Kenko ansiava por uma era de ouro, uma Camelot japonesa, quando tudo estava se tornando e gracioso. Preocupava-se com o fato de que "ninguém ficou sabendo a maneira correta de pendurar um aljava diante da casa de um homem em desgraça com sua majestade". Ele até lamentou que ninguém se lembrasse da forma correta de uma estante de tortura ou da maneira apropriada de prender uma pessoa. prisioneiro disso. Ele disse que a crueldade deliberada é a pior das ofensas humanas. Ele acreditava que "a arte de governar um país é baseada na economia".

Um ou dois de seus ensaios são puramente informativos (para não dizer estranho). Um dos meus favoritos é o ensaio 49, que diz na íntegra: “Você nunca deve colocar os novos chifres de um cervo no nariz e cheirá-los. Eles têm pequenos insetos que rastejam no nariz e devoram o cérebro ”.

Um marinheiro em mar agitado pode agarrar-se ao trilho e fixar seu olho em um objeto distante para se firmar e evitar o enjoo. Eu li os ensaios de Kenko por uma razão similar.

Kenko viveu em um planeta diferente - o planeta Terra no século XIV. Mas se você proceder na vertical do século 14 ao 21, você se torna consciente de uma flexão de tempo na qual suas insinuações de degeneração e declínio ressoam com as nossas. Uma espécie de sonar: de Kenko, nossos pensamentos se refletem no tempo com um charme alienado e uma risada de reconhecimento.

Kenko foi poeta e cortesão em Kyoto, na corte do imperador Go-Daigo. Foi uma época de mudanças turbulentas. Go-Daigo seria deposto e exilado pelo regime dos shoguns de Ashikaga. Kenko retirou-se para uma casa de campo, onde viveu e compôs os 243 ensaios da Tsurezuregusa . Acreditava-se que ele roçava seus pensamentos em pedaços de papel e os colava nas paredes do chalé, e que após sua morte seu amigo, o poeta e general Imagawa Ryoshun, removeu os restos e os organizou na ordem em que eles passaram para a literatura japonesa. . (A história do papel de parede foi mais tarde questionada, mas em qualquer caso, os ensaios sobreviveram.)

Kenko era contemporâneo de Dante, outro homem público e cortesão que viveu no exílio em tempos instáveis. Suas mentes, de maneiras, eram mundos separados. A Divina Comédia contemplou o eterno; os Essays in Idleness meditavam sobre o evanescente. Dante escreveu com beleza e limpidez e magnificência aterrorizante, Kenko com charme improvisado. Eles conversaram sobre o fim do mundo em termos opostos: o poeta italiano se estabeleceu, parte do tempo, de qualquer maneira, como o burocrata do sofrimento, codificando pecados e planejando terríveis punições. Kenko, apesar de seu lamento pelo rack antiquado, escreveu principalmente sobre solecismos e gaucheries, e foi a lei budista da incerteza que presidiu seu universo. A Divina Comédia é um dos monumentos da literatura mundial. Os Essays in Idleness são lapidares, breves e pouco conhecidos fora do Japão.

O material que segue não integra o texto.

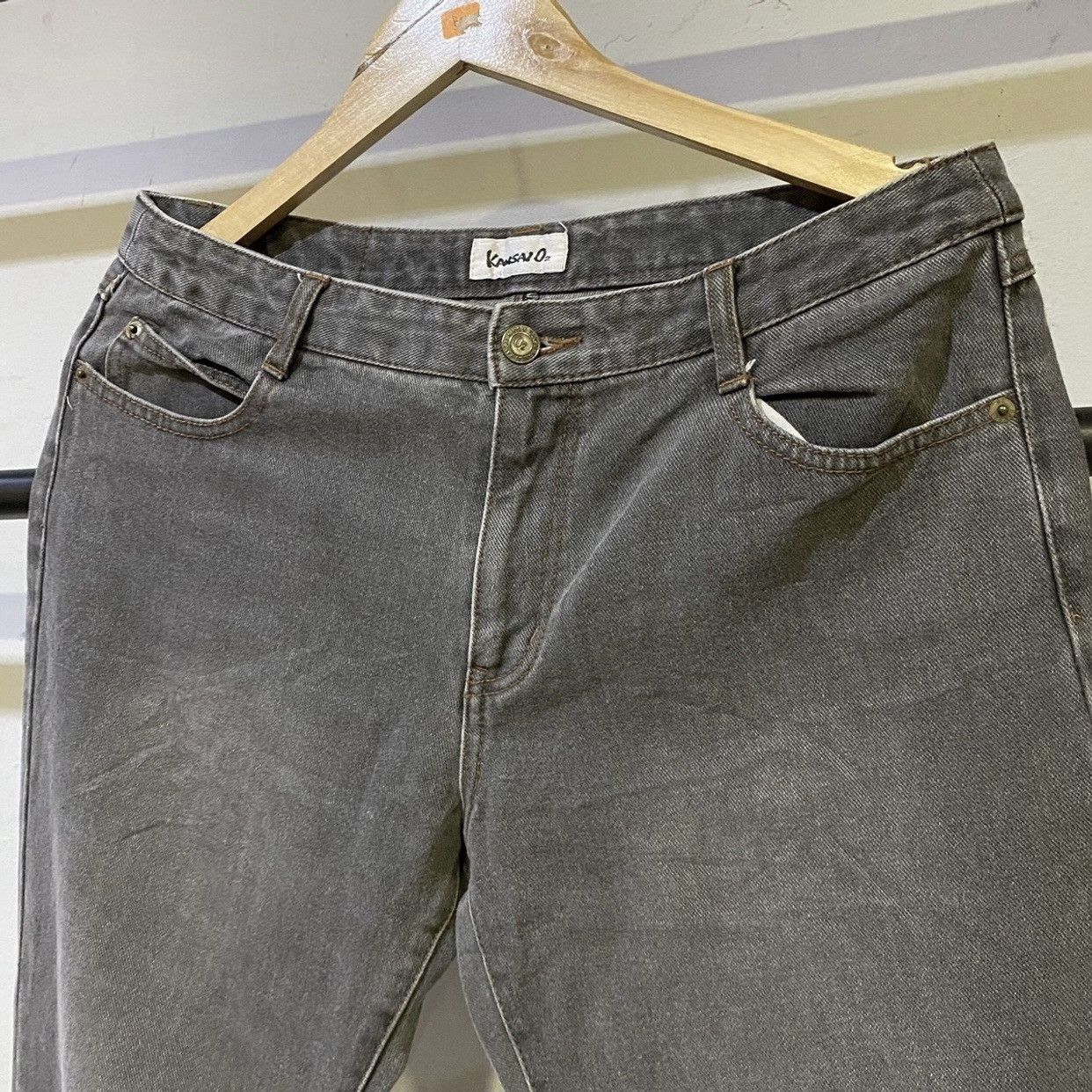 Kansai Yamamoto Kansai 02 Flare Jeans: Button Hem Denim Boot Cut, Y2K Size US 32 / EU 48 - 4 Thumbnail
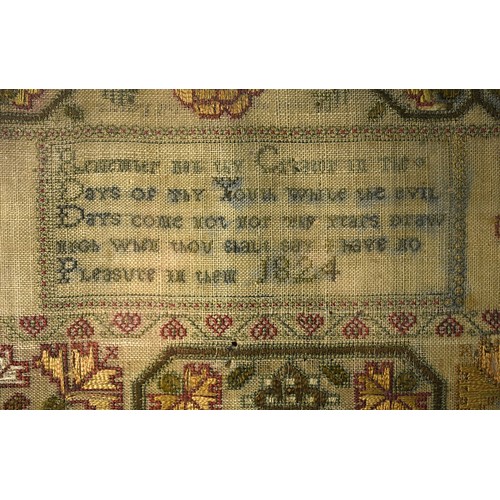 1077 - Framed Georgian Needlework Sampler, Georgian House by Catherine Maxwell Dated 1824 Measures 32 x 35c... 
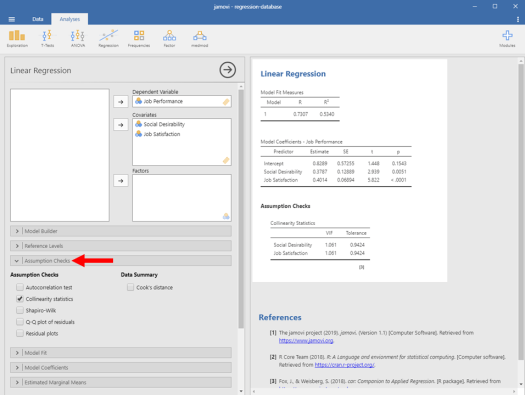 Regression in Jamovi 11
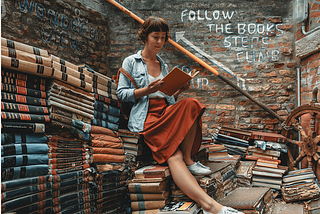 A woman reads a book will sitting on and around stacks of books.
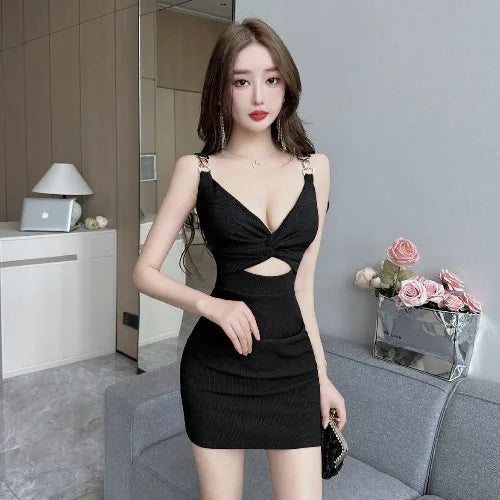 Kimotimo Women Sexy V Neck Hollow High Waist Clubbing Dress Temperament Sleeveless Backless Slim Fit Party Mini Dresses Summer - Seprincess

Kenko escreveu: "Eles falam da degenerada fase final do mundo, mas quão esplêndida é a atmosfera antiga, não contaminada pelo mundo, que ainda prevalece nas paredes do palácio." Como observou o tradutor de Kenko, Donald Keene, flui através dos ensaios. “A convicção de que o mundo está cada vez pior”. É perversamente reconfortante refletir que as pessoas estão antecipando o fim do mundo há tantos séculos. Esse persistente pessimismo quase dá uma esperança.

Há consolo em saber, também, que Kenko era um marinheiro no corrimão, fixando os olhos na água: “O mais agradável de todos os desvios é sentar-se sozinho sob a lâmpada, um livro aberto diante de você e fazer amizade com ele. pessoas de um passado distante que você nunca conheceu. ”Kenko é como um amigo que reaparece, após uma longa separação, e retoma sua conversa como se ele tivesse saído da sala por um momento.

Kenko é encantador, desleixado, nunca sombrio. Ele é quase inteligente demais para ser sombrio ou, em qualquer caso, um budista demais. Ele escreve em um dos ensaios: “Um certo homem disse certa vez: 'Certamente nada é tão delicioso quanto a lua', mas outro homem se reuniu: 'O orvalho me move ainda mais'. Quão divertido que eles deveriam ter discutido o ponto ”.

Ele valorizava o precário: "A coisa mais preciosa da vida é sua incerteza". Ele propôs uma estética civilizada: "Deixar algo incompleto o torna interessante e dá a sensação de que há espaço para crescimento". A perfeição é banal. Melhor assimetria e irregularidade.

Ele enfatizou a importância dos primórdios e fins, em vez da mera plenitude ou sucesso vulgar: “Devemos olhar para as flores de cerejeira apenas em plena floração, a lua somente quando está sem nuvens? Almejar a lua enquanto olha a chuva, abaixar as persianas e não perceber a passagem da primavera - elas estão se movendo ainda mais profundamente. Galhos prestes a desabrochar ou jardins cobertos de flores desbotadas são mais dignos da nossa admiração. ”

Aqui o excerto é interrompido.